Single by Earth, Wind & Fire

from the album The Best of Earth, Wind & Fire, Vol. 1
- B-side: "Love's Holiday"; "Can't Hide Love";
- Released: November 18, 1978
- Recorded: September 1978
- Genre: Disco; funk; R&B;
- Length: 3:35
- Label: ARC/Columbia
- Composer: Al McKay
- Lyricists: Allee Willis; Maurice White;
- Producer: Maurice White

Earth, Wind & Fire singles chronology
| "Got to Get You into My Life" (1978) | "September" (1978) | "Boogie Wonderland" (1979) |

Music video
- "September" on YouTube

= September (song) =

1978 song by Earth, Wind & Fire

"September" is a song by the American band Earth, Wind & Fire and released as a single on November 18, 1978, by ARC/Columbia Records. The song was written by Allee Willis and Maurice White, based on a music sequence developed by guitarist Al McKay. The song was included as one of two new tracks on the compilation album The Best of Earth, Wind & Fire, Vol. 1, "September" was very successful commercially and reached No. 1 on the US Billboard Hot R&B Songs chart, No. 8 on the US Billboard Hot 100, and No. 3 on the UK Singles Chart. The song remains a staple of the band's body of work and has been sampled, covered, remixed, and re-recorded numerous times.

It was added to the Library of Congress's National Recording Registry list of sound recordings that "are culturally, historically, or aesthetically important" in 2018.

==Composition==
"September" has a funk groove based on a four-measure pattern that is consistent between verses and choruses, built on a circle of fifths.

Written in the key of A major, and using a chord progression written by Earth, Wind & Fire guitarist Al McKay, vocalist Maurice White and songwriter Allee Willis wrote the song over one month. Willis was initially bothered by the gibberish "ba-dee-ya" lyric White used through the song, and begged him to rewrite it: "I just said, 'What the fuck does "ba-dee-ya" mean?' And he essentially said, 'Who the fuck cares?' I learned my greatest lesson ever in songwriting from him, which was never let the lyric get in the way of the groove." The song was included on the band's first compilation—The Best of Earth, Wind & Fire, Vol. 1—solely to boost sales with original content.

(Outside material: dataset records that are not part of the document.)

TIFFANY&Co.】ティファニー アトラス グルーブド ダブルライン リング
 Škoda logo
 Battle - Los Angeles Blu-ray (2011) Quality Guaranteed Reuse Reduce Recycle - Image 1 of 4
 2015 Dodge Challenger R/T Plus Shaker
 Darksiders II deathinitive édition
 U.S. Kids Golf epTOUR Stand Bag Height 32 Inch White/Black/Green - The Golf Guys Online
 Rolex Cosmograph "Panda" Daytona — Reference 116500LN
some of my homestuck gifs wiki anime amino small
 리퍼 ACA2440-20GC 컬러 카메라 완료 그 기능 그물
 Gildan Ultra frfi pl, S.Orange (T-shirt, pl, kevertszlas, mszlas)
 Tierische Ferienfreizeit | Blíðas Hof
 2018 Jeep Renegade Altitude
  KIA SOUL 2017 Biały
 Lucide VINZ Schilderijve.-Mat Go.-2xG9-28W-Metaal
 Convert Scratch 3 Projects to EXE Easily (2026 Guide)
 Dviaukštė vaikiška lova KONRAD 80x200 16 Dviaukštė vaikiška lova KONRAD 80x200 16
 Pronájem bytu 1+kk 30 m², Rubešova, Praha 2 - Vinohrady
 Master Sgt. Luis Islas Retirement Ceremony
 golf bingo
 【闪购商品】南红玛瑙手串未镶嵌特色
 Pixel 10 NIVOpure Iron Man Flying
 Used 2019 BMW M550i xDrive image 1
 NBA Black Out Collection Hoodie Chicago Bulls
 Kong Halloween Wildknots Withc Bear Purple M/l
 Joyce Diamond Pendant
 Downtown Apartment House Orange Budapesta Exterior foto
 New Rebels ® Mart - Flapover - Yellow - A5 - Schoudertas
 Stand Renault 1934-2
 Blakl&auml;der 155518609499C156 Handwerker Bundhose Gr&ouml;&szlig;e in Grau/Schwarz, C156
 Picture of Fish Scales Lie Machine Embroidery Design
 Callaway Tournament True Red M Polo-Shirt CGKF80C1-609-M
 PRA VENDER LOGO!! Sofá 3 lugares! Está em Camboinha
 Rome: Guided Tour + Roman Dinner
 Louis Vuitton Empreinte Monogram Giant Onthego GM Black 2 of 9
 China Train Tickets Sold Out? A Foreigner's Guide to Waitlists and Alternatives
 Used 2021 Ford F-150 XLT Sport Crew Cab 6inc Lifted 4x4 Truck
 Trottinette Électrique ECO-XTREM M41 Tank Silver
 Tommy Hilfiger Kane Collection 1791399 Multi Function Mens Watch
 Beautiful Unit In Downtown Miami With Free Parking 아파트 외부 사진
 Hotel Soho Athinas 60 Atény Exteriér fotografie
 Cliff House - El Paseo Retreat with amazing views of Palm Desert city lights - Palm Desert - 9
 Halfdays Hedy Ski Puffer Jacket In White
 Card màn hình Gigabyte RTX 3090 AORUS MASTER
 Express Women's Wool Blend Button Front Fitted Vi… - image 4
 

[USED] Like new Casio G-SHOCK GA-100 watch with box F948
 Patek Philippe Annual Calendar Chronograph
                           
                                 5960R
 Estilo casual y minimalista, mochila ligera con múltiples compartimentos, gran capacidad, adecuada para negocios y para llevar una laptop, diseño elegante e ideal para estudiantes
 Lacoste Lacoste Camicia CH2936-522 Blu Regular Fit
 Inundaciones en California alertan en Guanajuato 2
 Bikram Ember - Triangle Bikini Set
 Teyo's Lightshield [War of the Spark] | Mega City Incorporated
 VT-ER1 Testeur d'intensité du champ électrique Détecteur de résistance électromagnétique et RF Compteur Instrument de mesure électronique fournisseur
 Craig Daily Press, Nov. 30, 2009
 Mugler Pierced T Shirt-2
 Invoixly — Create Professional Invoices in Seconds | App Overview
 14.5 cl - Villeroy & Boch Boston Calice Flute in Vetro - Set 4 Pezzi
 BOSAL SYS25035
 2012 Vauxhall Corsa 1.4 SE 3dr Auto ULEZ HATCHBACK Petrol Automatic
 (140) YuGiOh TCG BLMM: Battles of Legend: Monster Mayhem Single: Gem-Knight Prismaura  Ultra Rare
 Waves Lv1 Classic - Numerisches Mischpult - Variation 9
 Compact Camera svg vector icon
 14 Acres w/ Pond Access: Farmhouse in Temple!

The lyrics ask, "Do you remember the 21st night of September?". Maurice White claimed he simply chose the 21st due to how it sounded when sung. However, in a 2019 interview with The Wall Street Journal, his wife Marilyn White explains that September 21 was the expected birthdate of their son Kahbran. Recounting hearing the song for the first time, Marilyn said, "My whole body smiled. It was like a secret message between us and our son. I said, 'Oh my God, you remembered.' 'Yeah,' Maurice said, 'Yeah, I did.

==Reception==
"September" has been one of the biggest commercial and critical successes of Earth, Wind & Fire's career, and vocalist Philip Bailey considers it one of the group's best songs. The song was certified silver by the British Phonographic Industry and certified gold in the US (until the RIAA lowered the sales levels for certified singles in 1989, a Gold single equaled 1 million units sold.) "September" was later certified Gold for digital sales by the RIAA, and has sold over 2 million digital copies in the US as of September 2017. Record World called it a "smooth, quick song that captures the mood of autumn nostalgia, and should capture radio audiences too." In 2021, Rolling Stone included "September" at No. 65 on their updated list of the "500 Greatest Songs of All Time".

"September" is one of the group's biggest hits in several decades of performing. A 2005 retrospective on Earth, Wind & Fire by Billboard ranked this song sixth on their top singles. Earth, Wind & Fire recorded a new version of the song, retitled "December", for their 2014 Christmas album Holiday; this version changes the date reference in the lyric to "the 25th night of December" to make the song a Christmas song but is otherwise identical to the original recording.

===Cultural impact===
"September" has had renewed interest in the 21st century and has been an Internet meme as well as the source of original content by social media users. Every September 21 for six years, Demi Adejuyigbe released a series of popular video with remixed versions of the song, emphasizing the date. CBS set the date in 2025 to air a Grammy special honoring Earth, Wind, & Fire. VTuber Gigi Murin livestreamed herself singing the song for eight hours straight in September 2024.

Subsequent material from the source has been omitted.